With Current Account Mortgages, the bank account and mortgage are combined so customers view just one statement and see one balance. For example, if there is £2,000 in the current account and the mortgage is £80,000, the customer’s balance will register £78,000 overdrawn. The balance is calculated daily and the homeowner pays interest only on the balance. Current Account Mortgages offer the same services as an ordinary bank account. Customers can also add any savings into the Current Account Mortgage to reduce the debt balance. Any other debts, such as credit cards, can be transferred to the account. The homeowner, typically, pays the same interest rate across the lot.
The second type of offset is where the deposits are kept in separate accounts or ‘pots’, but linked for the purposes of interest calculation. Providers include Woolwich, Intelligent Finance and Standard Life. With these, as with Current Account Mortgages, borrowers pay interest only on the mortgage, minus savings.
The Difference to Repayments
With both types of offset, borrowers usually make a regular monthly repayment, though this may not be strictly necessary. For repayment mortgages, this guarantees that the mortgage will be repaid at some future point, regardless of offset. Any savings that are offset against the loan will reduce the interest charged on the mortgage.
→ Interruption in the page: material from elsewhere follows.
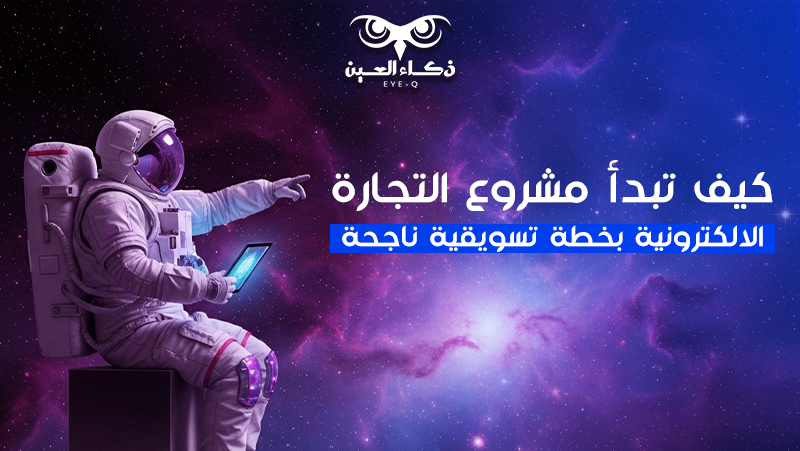 كيف تبدأ مشروع التجارة الالكترونية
This means that the borrower is effectively overpaying on monthly repayments and effectively reducing the overall term of the mortgage.
Within limits, offset deals also allow homeowners to draw more funds at any time without having to remortgage. Also lump-sum overpayments may be made without penalty.
Interest rates on offset mortgages will very rarely be the best on the market. You could get a cheaper special deal on a traditional mortgage if you are willing to shop around and switch lender every couple of years. Offsetting, therefore, is only worthwhile if you have a reasonable amount of money in your savings or current account.
Your property may be repossessed if you do not keep up repayments on your mortgage.